Why does the confidence interval get wider as confidence level increases?
A higher confidence level demands that more of the sampling distribution’s mass be included in the interval. A 95% CI excludes the most extreme 2.5% on each tail; a 99% CI excludes only 0.5% on each tail, requiring the interval to extend further to cover the additional 4% of values. This is a fundamental trade-off: you can have a precise CI (narrow) or a high-confidence CI (wide), but not both at the same n. To get both, you need a larger sample. Quantitatively, the 99% CI is about 31% wider than the 95% CI at the same n. To have a 99% CI as narrow as a 95% CI requires roughly 1.31² ≈ 1.72× the sample size. This is why 95% became the standard convention: a reasonable balance between precision and confidence for most scientific applications.
What are the most common mistakes people make with confidence intervals?

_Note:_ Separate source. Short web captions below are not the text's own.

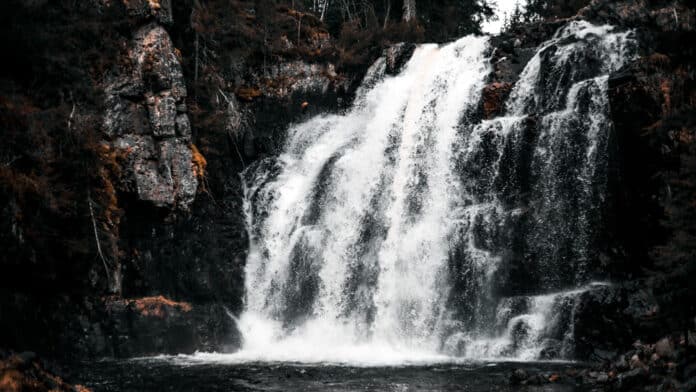 Scenic waterfall in the forest.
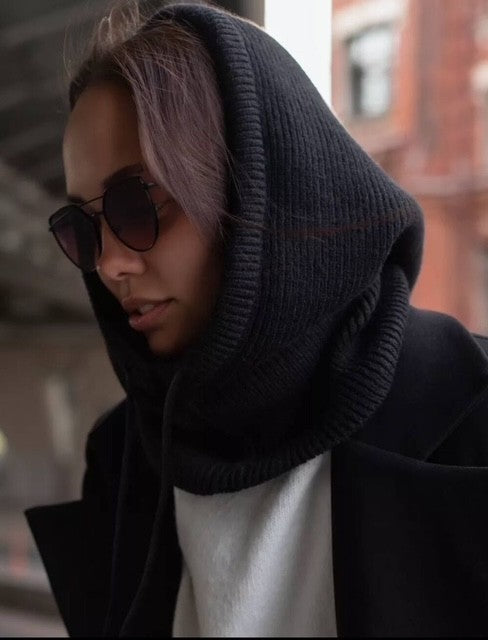 Cagoule noire Erika - Cagoule maille - cagoule tendance 2025 - cagoule femme - cagoule noire- cagoule femme hiver- accessoire hiver femme - cagoule douce et chaude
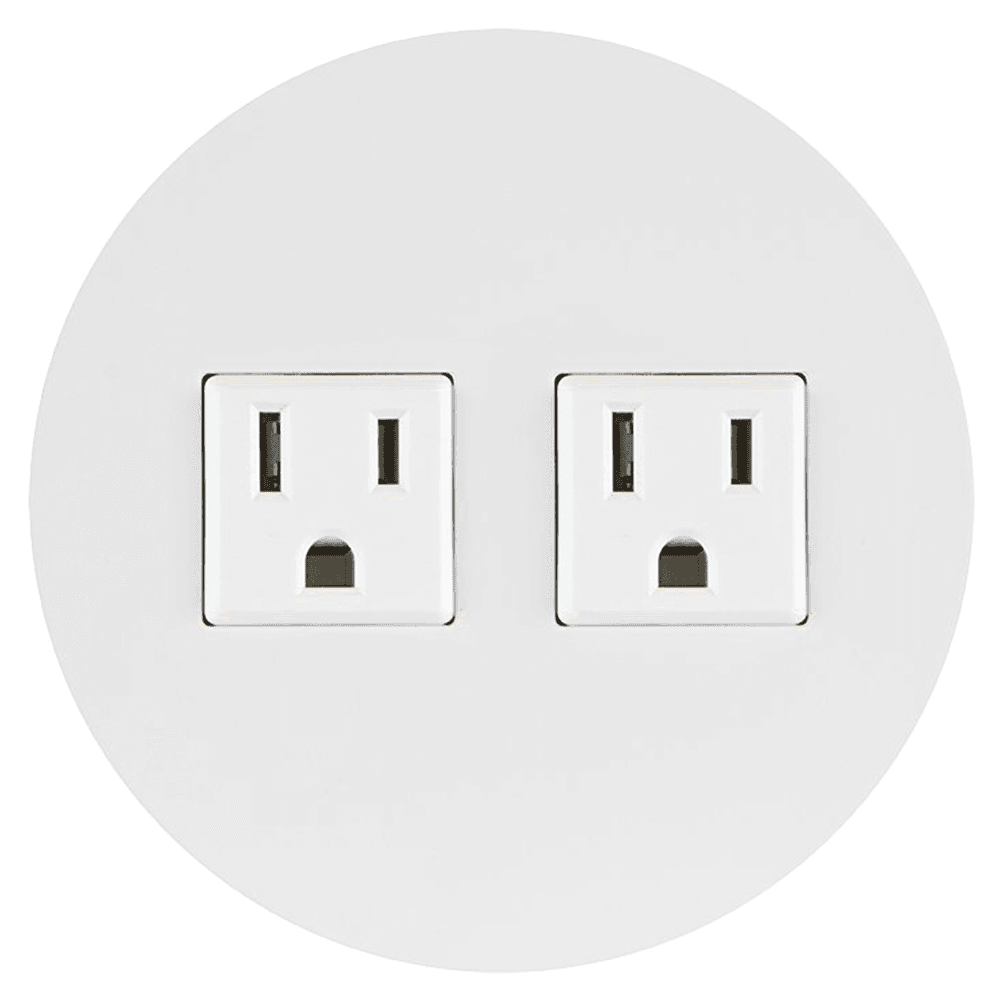 4" Mini Round Flush Power Grommet with 2 Electric Outlets, White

The first is interpreting CIs probabilistically: ‘95% chance the true mean is in [a, b]’ is wrong — frequentist CIs are statements about the procedure, not the specific interval. The second is using a z-CI on a small sample where a t-CI is required; the z-CI understates uncertainty and produces falsely narrow intervals. The third is comparing two CIs visually to test significance: overlapping 95% CIs do NOT mean groups are not significantly different — the proper test requires a CI on the difference. The fourth is using mean-CI formulas on proportions, which need binomial or Wilson-score CIs instead. The fifth is reporting only the point estimate without the CI — this hides uncertainty and is increasingly discouraged in scientific publication. The sixth is computing CIs on non-random or biased samples, where the assumed sampling-distribution structure doesn’t hold. And the seventh is mistaking ‘this CI overlaps zero’ for ‘the effect is exactly zero’ — a CI is an uncertainty range, not a binary verdict.
When should I not use this calculator?
Skip it for confidence intervals on proportions — those require binomial-based formulas (Wald, Wilson score, or exact Clopper-Pearson), not the mean-CI formula. Avoid it for very small samples (n < 30) with unknown σ; use a t-distribution CI calculator instead of the z-based critical values here. It is the wrong tool for CIs on regression coefficients, correlations, odds ratios, hazard ratios, or other non-mean statistics — each has its own SE formula. Do not use it for non-random or clustered samples without applying a design effect; the simple n in the denominator assumes simple random sampling. Skip it for heavily skewed data with small samples, where bootstrap CIs are more accurate than parametric formulas. And do not use a single CI as a stand-alone gate without considering effect size, sample size, and the substantive importance of the estimated quantity — uncertainty is one piece of the picture, not the whole story.